SWF Launches the ISEIF Smart Pod Project to Build a Living, Learning Smart Grid Laboratory
After a series of planning calls throughout this winter, the Smart Pod Project, officially launched in March with a full site visit and planning session between Sweet Water Foundation staff and project partner organizations including Chicago Public Schools’ Career and Technical Education (CPS CTE), CPS Chicago Builds, and the Harvard Graduate School of Design. Administrators and teachers representing a wide range of CTE and Chicago Build program areas, such as electricity, welding, general construction, and architecture, convened at Sweet Water Foundation’s Perry Ave Commons site for the inaugural meeting to discuss Chicago’s first Smart Pod. This exciting project was made possible with funding from the Illinois Science & Energy Innovation Foundation (ISEIF).
Background
ISEIF engages Illinois energy consumers in understanding and transforming energy consumption. As Illinois moves toward smart grid technologies, ISEIF offers funding to organizations that engage communities in the digital electrical grid movement. In particular, ISEIF aims to empower low-income and senior consumers to adopt smart grid technologies and make positive behavioral changes related to patterns of energy use. SWF’s active practice of community engagement and experiential education made the Smart Pod project an ideal candidate for ISEIF funding so that the 1000’s of local residents and guests that visit the Perry Ave Commons each year can learn how they might adopt smart grid technologies.
History of the Think-Do Pod
Once a shipping container that transported grape juice concentrate from Argentina, the Think-Do Pod now stands as a gallery, greenhouse, and learning laboratory. The concept of the Think-Do Pod was inspired by the conversion of a shipping container into a greenhouse in Belgium. In early 2017, the project was designed and built by Sweet Water Foundation staff and apprentices.
The Think-Do Pod now consists of a lower-level gallery space and upper-level greenhouse. Together, these spaces have provided a learning laboratory from which Sweet Water Foundation provides educational programming and grows food. The Think-Do Pod is a physical manifestation of SWF’s practice of “turning waste into resources.”
From Think-Do Pod to Smart Pod
Plans to convert the Think-Do Pod into the Smart Pod have been developed with the help of Dr. Stephen Ervin, the Assistant Dean of IT at the Harvard Graduate School of Design and head of the Future Home: House Zero initiative, and inspired by Ben Uyeda’s Solar-Powered Workshop, which transformed a shed into a solar powered workshop.
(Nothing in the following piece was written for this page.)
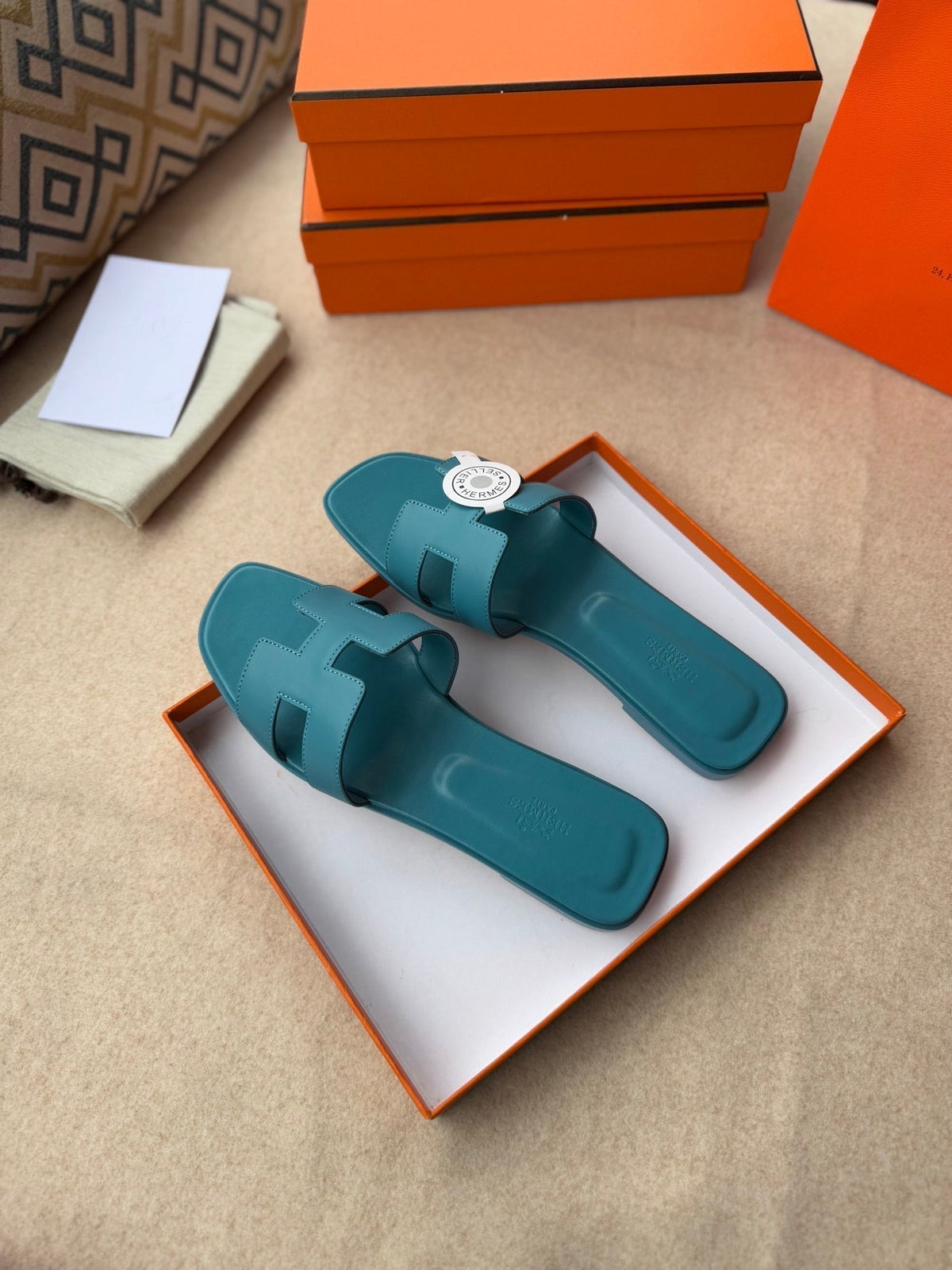 0RAN SANDALS IN SAPPHIRE BLUE CALFSKIN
The Smart Pod will be an innovative learning laboratory that integrates smart grid and renewable energy technologies with education, art, agriculture, and design. The project will engage CPS high school students enrolled in both CPS architecture, electrical, carpentry, construction, and computer science programs in the design and build processes.
Once completed, the Smart Pod will demonstrate the possibility of an affordable and replicable learning laboratory that not only showcases smart energy technologies, but also grows food and directly addresses a range of emerging environmental problems related to food, soil, water, and energy. The Smart Pod will serve as the focal point for a series of community workshops on the Smart Grid and also reach thousands of visitors each year, including K-12 students, college students, local residents, and tourists.
The Smart Pod project marries SWF’s focus on innovative urban agriculture practices (hydroponics and aquaponics) to smart energy technologies as a demonstration of the many possibilities to address our energy and environmental challenges. As a featured attraction of SWF’s Perry Ave Commons site, the Smart Pod will serve as year-round resource on the smart grid, renewable energy, energy savings and conservation: a platform to deliver workshops to community members, professional development seminars to teachers, and interactive lessons to students. Most importantly, the Smart Pod will be a demonstration of a design and build project that other schools, institutions and organizations can implement to reach even more citizens across the state.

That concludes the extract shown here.